In my post on joyful teaching, I wrote about how students need to feel safe enough to engage deeply. Foundational kindness is what creates that safety. When expectations are clear, time is respected, and help is normalized, students are freed from guessing games. Cognitive energy shifts from self-protection to learning.
This is especially critical in computing, engineering, and data-heavy courses where students can often feel behind before they begin.
Joy does not come from removing rigor.
It comes from removing unnecessary friction.
Relational Kindness: Trust as a Teaching Practice
Relational kindness is where most people think kindness lives. But it is also where it is most often misunderstood.
This layer includes:
Listening without immediately fixing
Offering honest, specific praise
Supporting people during periods of stress
Celebrating others’ wins publicly
What stands out to me here is how intentional these practices are. None of them are automatic. They require attention, patience, and restraint.

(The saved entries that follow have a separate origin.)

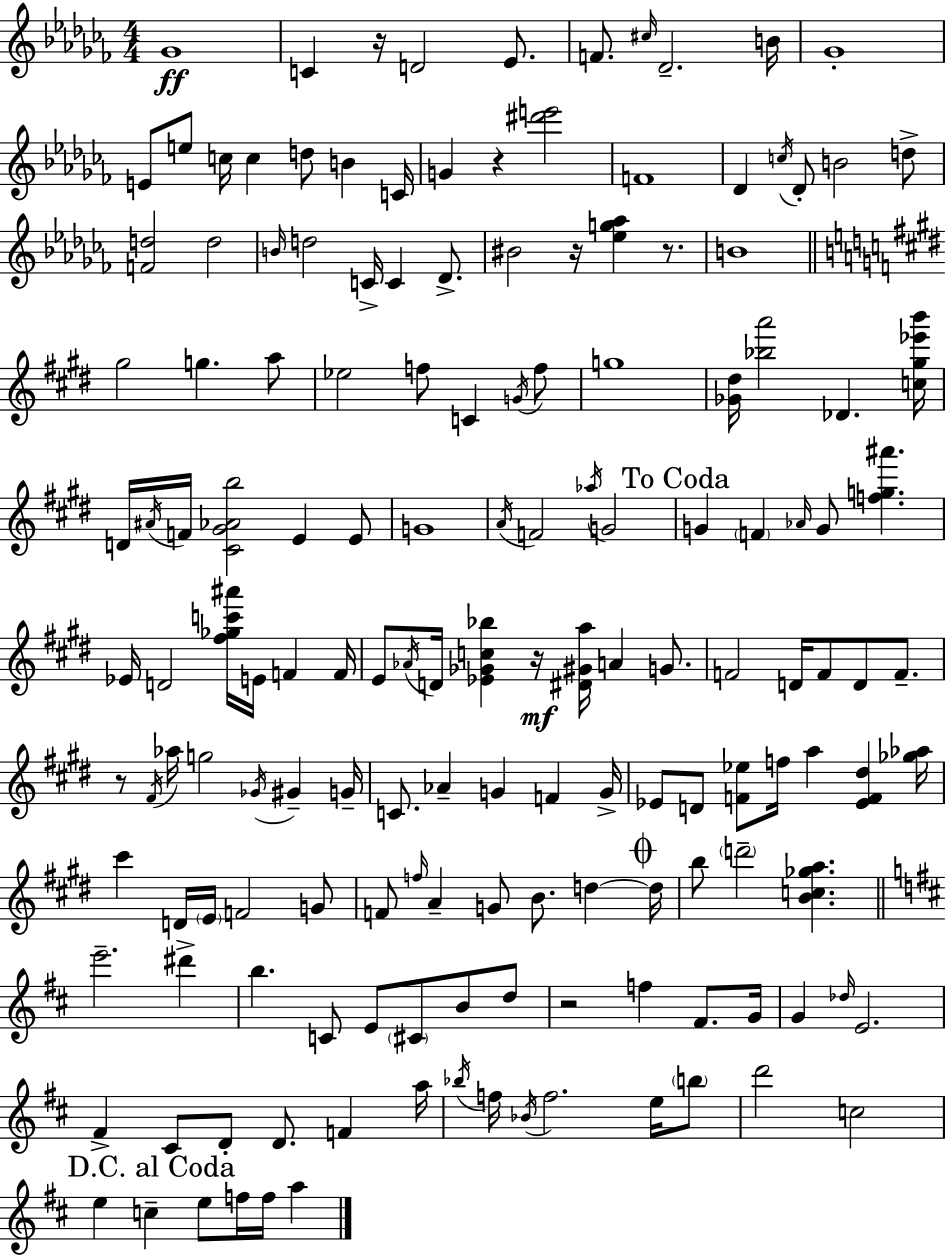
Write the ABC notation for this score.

X:1
T:Untitled
M:4/4
L:1/4
K:Abm
_G4 C z/4 D2 _E/2 F/2 ^c/4 _D2 B/4 _G4 E/2 e/2 c/4 c d/2 B C/4 G z [^d'e']2 F4 _D c/4 _D/2 B2 d/2 [Fd]2 d2 B/4 d2 C/4 C _D/2 ^B2 z/4 [_eg_a] z/2 B4 ^g2 g a/2 _e2 f/2 C G/4 f/2 g4 [_G^d]/4 [_ba']2 _D [c^g_e'b']/4 D/4 ^A/4 F/4 [^C^G_Ab]2 E E/2 G4 A/4 F2 _a/4 G2 G F _A/4 G/2 [fg^a'] _E/4 D2 [^f_gc'^a']/4 E/4 F F/4 E/2 _A/4 D/4 [_E_Gc_b] z/4 [^D^Ga]/4 A G/2 F2 D/4 F/2 D/2 F/2 z/2 ^F/4 _a/4 g2 _G/4 ^G G/4 C/2 _A G F G/4 _E/2 D/2 [F_e]/2 f/4 a [_EF^d] [_g_a]/4 ^c' D/4 E/4 F2 G/2 F/2 f/4 A G/2 B/2 d d/4 b/2 d'2 [Bc_ga] e'2 ^d' b C/2 E/2 ^C/2 B/2 d/2 z2 f ^F/2 G/4 G _d/4 E2 ^F ^C/2 D/2 D/2 F a/4 _b/4 f/4 _B/4 f2 e/4 b/2 d'2 c2 e c e/2 f/4 f/4 a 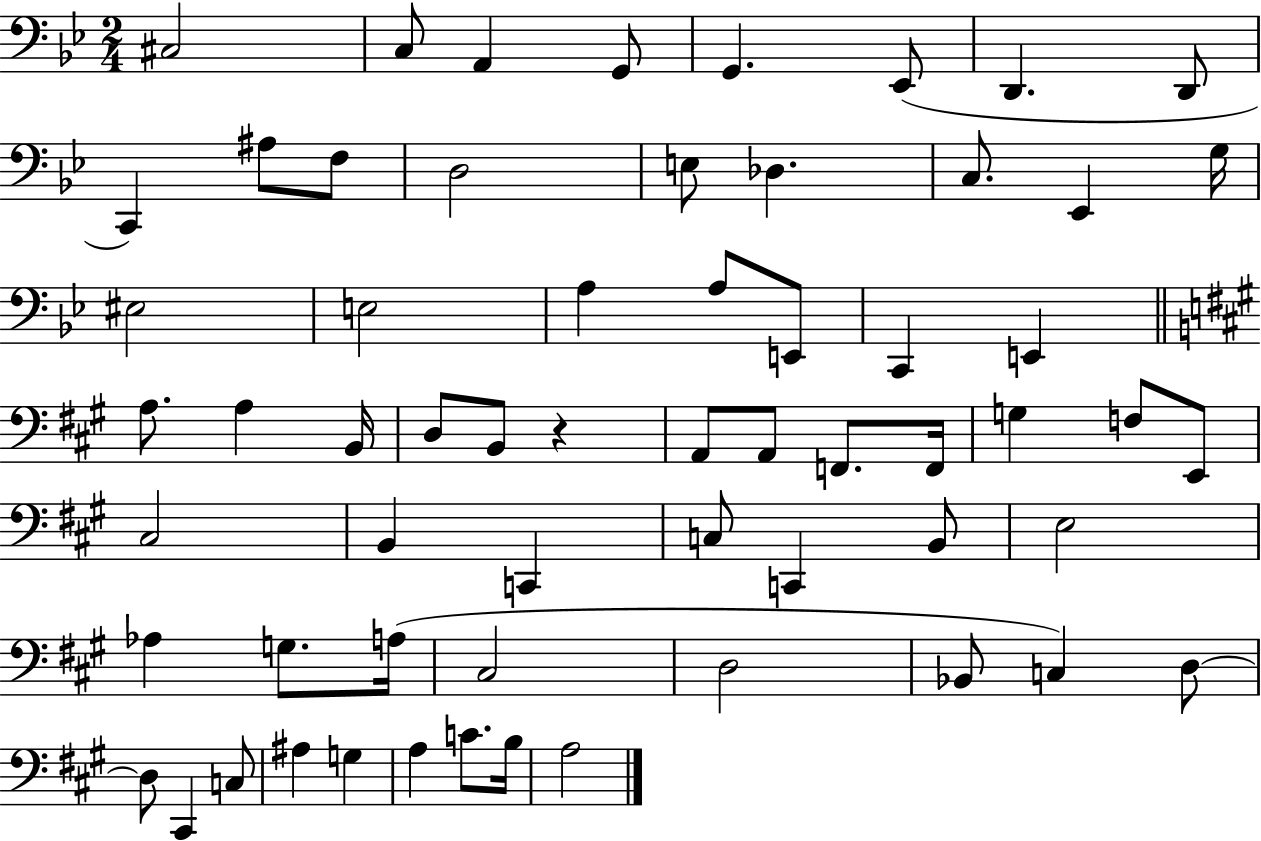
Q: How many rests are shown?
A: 1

In joyful teaching, relational kindness shows up when:
We let students explain their thinking before correcting it
We acknowledge effort even when the result falls short
We protect students’ dignity when they struggle publicly
It also shows up among colleagues when we stop treating burnout as a personal failure and start treating it as a design problem.

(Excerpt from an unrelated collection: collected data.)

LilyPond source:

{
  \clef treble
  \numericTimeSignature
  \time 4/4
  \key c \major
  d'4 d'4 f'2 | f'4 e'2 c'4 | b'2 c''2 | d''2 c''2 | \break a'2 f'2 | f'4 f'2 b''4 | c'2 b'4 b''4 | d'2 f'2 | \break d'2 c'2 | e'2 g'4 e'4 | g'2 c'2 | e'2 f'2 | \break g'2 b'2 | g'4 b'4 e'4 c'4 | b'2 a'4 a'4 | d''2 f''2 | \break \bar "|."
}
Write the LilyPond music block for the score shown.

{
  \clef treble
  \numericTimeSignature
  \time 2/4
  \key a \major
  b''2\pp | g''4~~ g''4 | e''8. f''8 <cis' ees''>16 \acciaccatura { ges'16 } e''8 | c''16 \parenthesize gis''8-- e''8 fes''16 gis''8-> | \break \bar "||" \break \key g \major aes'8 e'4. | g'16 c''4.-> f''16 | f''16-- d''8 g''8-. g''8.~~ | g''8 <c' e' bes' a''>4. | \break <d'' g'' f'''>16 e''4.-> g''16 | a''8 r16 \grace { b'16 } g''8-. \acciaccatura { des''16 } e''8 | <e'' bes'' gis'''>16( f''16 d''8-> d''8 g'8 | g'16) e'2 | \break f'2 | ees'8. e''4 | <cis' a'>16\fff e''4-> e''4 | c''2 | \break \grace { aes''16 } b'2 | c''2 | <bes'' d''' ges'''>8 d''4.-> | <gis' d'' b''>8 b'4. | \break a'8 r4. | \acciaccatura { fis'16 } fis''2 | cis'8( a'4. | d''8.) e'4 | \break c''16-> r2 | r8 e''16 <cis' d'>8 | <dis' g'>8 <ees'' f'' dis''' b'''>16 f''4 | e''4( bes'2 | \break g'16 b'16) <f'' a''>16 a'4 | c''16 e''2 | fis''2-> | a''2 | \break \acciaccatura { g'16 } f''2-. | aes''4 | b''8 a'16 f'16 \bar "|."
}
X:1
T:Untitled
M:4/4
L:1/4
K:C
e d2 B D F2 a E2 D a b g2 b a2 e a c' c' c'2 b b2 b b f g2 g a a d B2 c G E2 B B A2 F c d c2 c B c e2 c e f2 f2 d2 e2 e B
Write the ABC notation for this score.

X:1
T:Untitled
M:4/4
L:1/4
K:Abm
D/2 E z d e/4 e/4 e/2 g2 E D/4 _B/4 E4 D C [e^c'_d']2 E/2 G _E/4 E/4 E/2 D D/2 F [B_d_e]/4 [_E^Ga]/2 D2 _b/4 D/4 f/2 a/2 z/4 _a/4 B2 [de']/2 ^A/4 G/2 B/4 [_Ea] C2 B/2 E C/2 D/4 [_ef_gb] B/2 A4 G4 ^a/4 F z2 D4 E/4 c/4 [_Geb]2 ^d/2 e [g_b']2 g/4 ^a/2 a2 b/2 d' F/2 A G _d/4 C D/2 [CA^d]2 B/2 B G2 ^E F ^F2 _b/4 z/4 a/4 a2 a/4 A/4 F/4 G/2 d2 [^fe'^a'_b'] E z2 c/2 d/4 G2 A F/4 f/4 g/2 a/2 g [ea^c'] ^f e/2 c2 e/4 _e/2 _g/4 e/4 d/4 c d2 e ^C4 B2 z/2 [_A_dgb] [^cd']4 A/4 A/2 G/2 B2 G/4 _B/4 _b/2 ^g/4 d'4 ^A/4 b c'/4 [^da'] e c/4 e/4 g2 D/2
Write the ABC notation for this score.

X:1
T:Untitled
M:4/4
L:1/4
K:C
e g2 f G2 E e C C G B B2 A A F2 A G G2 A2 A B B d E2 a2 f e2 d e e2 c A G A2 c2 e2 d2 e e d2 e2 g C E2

Relational kindness builds trust, and trust is what allows students and faculty alike to take intellectual risks. Without trust, everything feels performative. With it, learning becomes collaborative.

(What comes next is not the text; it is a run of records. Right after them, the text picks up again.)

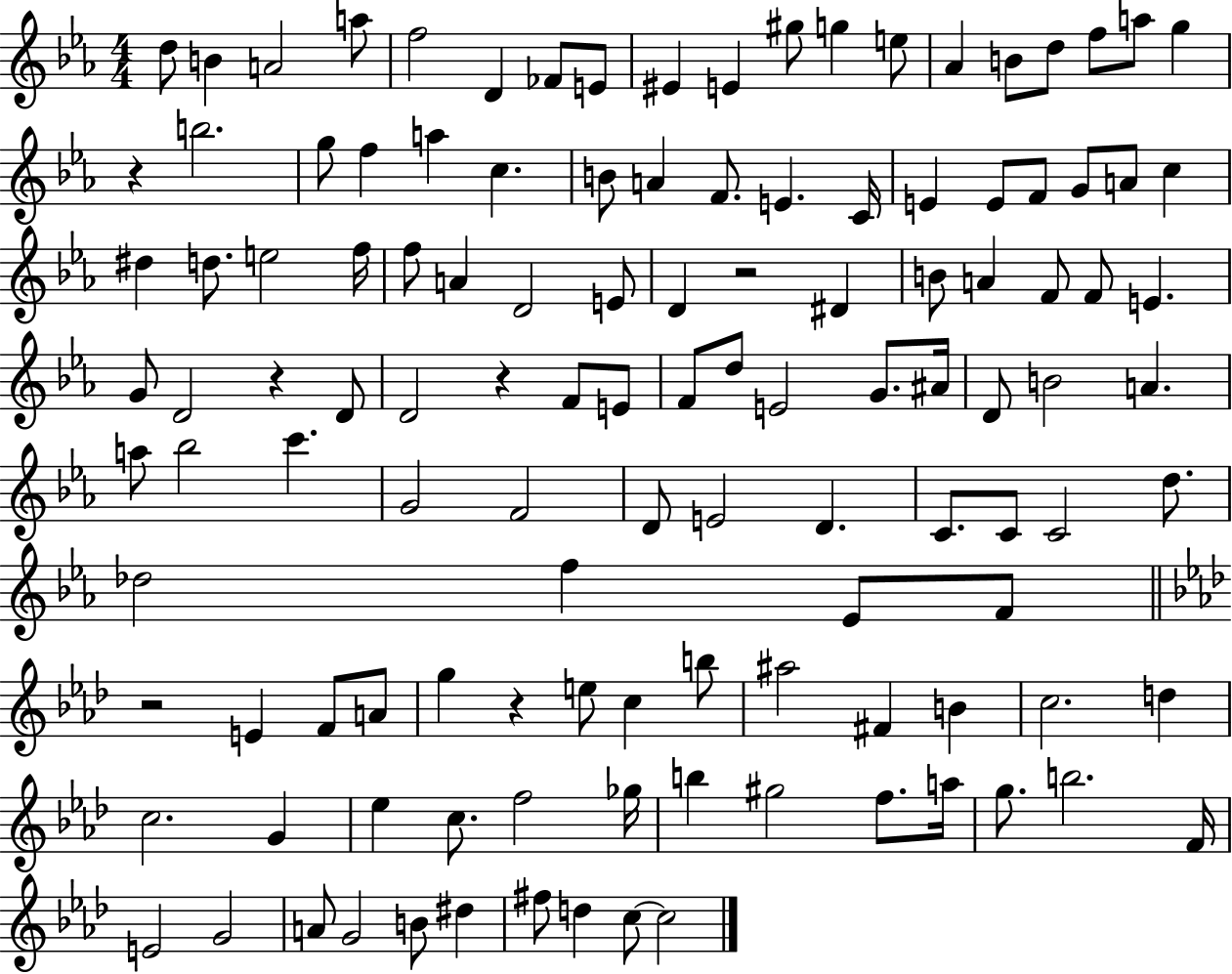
{
  \clef treble
  \numericTimeSignature
  \time 4/4
  \key ees \major
  \repeat volta 2 { d''8 b'4 a'2 a''8 | f''2 d'4 fes'8 e'8 | eis'4 e'4 gis''8 g''4 e''8 | aes'4 b'8 d''8 f''8 a''8 g''4 | \break r4 b''2. | g''8 f''4 a''4 c''4. | b'8 a'4 f'8. e'4. c'16 | e'4 e'8 f'8 g'8 a'8 c''4 | \break dis''4 d''8. e''2 f''16 | f''8 a'4 d'2 e'8 | d'4 r2 dis'4 | b'8 a'4 f'8 f'8 e'4. | \break g'8 d'2 r4 d'8 | d'2 r4 f'8 e'8 | f'8 d''8 e'2 g'8. ais'16 | d'8 b'2 a'4. | \break a''8 bes''2 c'''4. | g'2 f'2 | d'8 e'2 d'4. | c'8. c'8 c'2 d''8. | \break des''2 f''4 ees'8 f'8 | \bar "||" \break \key f \minor r2 e'4 f'8 a'8 | g''4 r4 e''8 c''4 b''8 | ais''2 fis'4 b'4 | c''2. d''4 | \break c''2. g'4 | ees''4 c''8. f''2 ges''16 | b''4 gis''2 f''8. a''16 | g''8. b''2. f'16 | \break e'2 g'2 | a'8 g'2 b'8 dis''4 | fis''8 d''4 c''8~~ c''2 | } \bar "|."
} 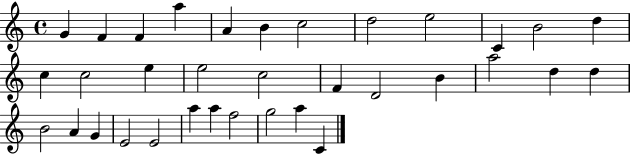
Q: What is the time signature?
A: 4/4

Cultural Kindness: The Signals That Shape Behavior
Cultural kindness is the hardest layer because it is collective, not individual.
This includes:
Welcoming new voices, especially quieter ones
Modeling emotional regulation under pressure
Leading with humility
Protecting team boundaries
Creating space for honest, hard conversations
Cultural kindness answers the unspoken question: What actually happens here when things get hard?
In joyful teaching cultures:
Mistakes are treated as data, not defects
Feedback flows in more than one direction
Saying “no” is seen as professionalism, not lack of commitment
This layer matters because students and junior faculty are always watching. They learn what is valued not from mission statements, but from reactions.
Joy cannot survive in cultures where people feel disposable.
Kindness Is Not Extra. It Is the Work.
One of the quiet myths in academia is that kindness is something you add after rigor, productivity, and excellence are addressed.
In reality, kindness is what makes those things possible over time.
Joyful teaching is not about being endlessly positive. It is about building systems where people can bring their full cognitive and emotional capacity to the work without burning out.
Kindness, practiced at all three levels, is not a personality trait.
It is a design choice.
And like any good design, it requires intention, iteration, and care.
A Closing Reflection
If joy feels elusive right now, it may not be because you are doing too little.
It may be because the system around you is asking for too much without enough kindness built in.
The good news is this: kindness scales.
And when it does, joy often follows.